During my lengthy ride around Europe in the 1970s on a 650cc Triumph I became convinced the most critical dimension for any bike is not the size or power of its engine but its weight. If a bike lies down on the road, and there's just me to lift it back onto its wheels, then it is imperative the bike's weight should be a manageable lift. The bike should not lie down on the road of course, but Murphy's Law states if it is going to, it will always do it when there is no help at hand. From my point of view then, the significant measure for a motorcycle is 230kgs. I can lift that amount of weight unassisted.

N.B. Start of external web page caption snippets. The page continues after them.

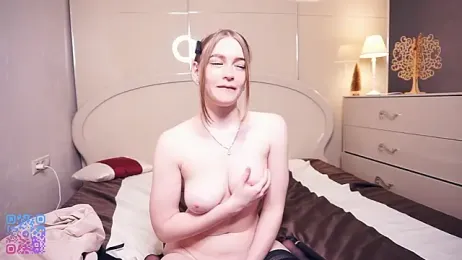 RowenaIanniello webcam stripchat model stream image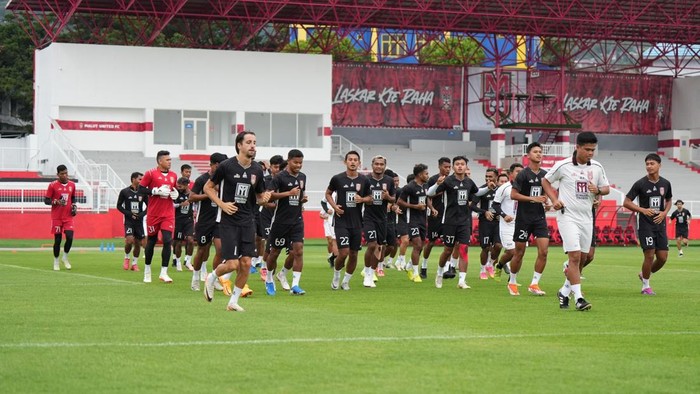 Pemain Malut United di Liga 1 2024/2025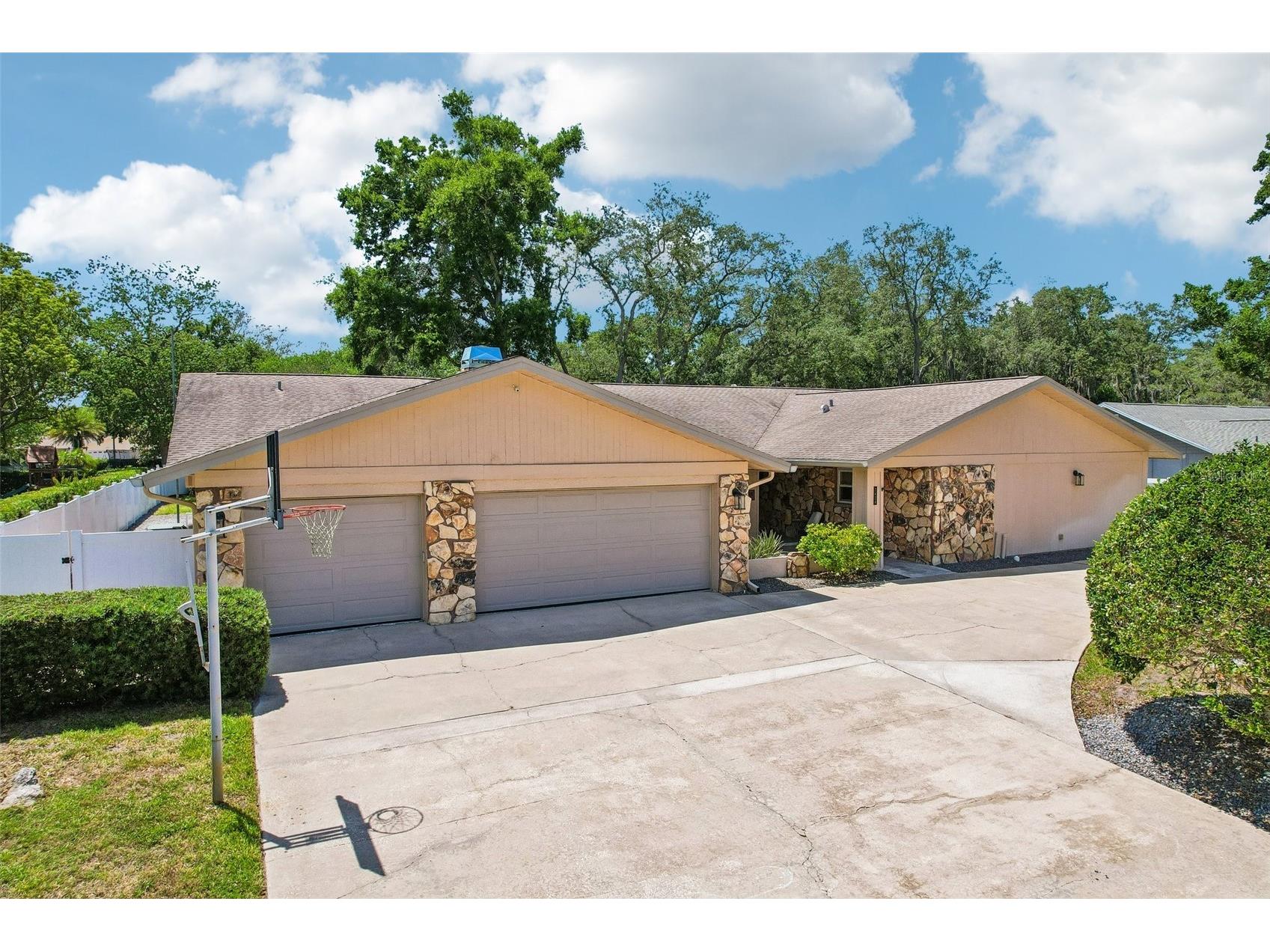 2424 Sundancer Drive Clearwater FL 33759 TB8507433 image88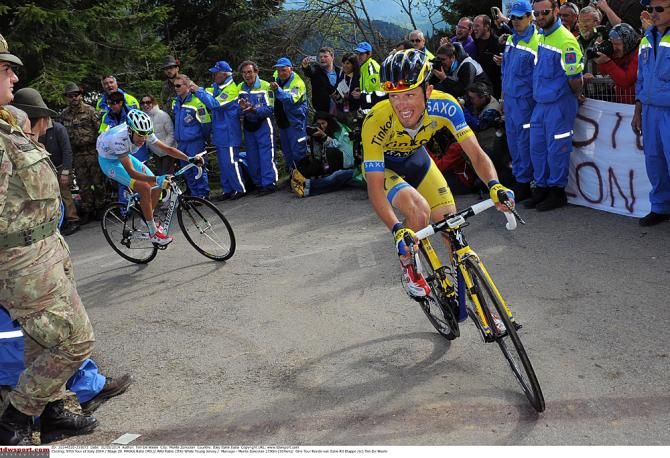 Rafal Majka (Tinkoff-Saxo) tries to distance Aru on the Zoncolan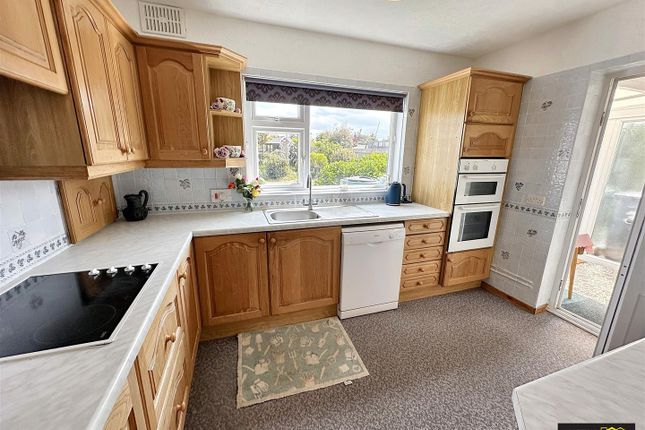 3, Clarendon Avenue, Weymouth photo 4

As engine sizes continued to grow and the mass of big bikes passed 230kgs, passed 250kgs, passed 300kgs, passed 400kgs,motorcycling became sillier and sillier. Weight matters. Not only when recovering from a fall. Weight negatively affects the agility of the machine. The more mass, the more centrifugal force tries to drag the bike off line when cornering. The more mass, the greater the breaking effort required to stop the machine. The greater the mass the greater the potential loss of adhesion in wet or muddy conditions. The greater the mass the more quickly things get SERIOUS when they go wrong.

There's a good reason that most manufacturers held 650cc as a kind of 'agreed' upper limit for so long.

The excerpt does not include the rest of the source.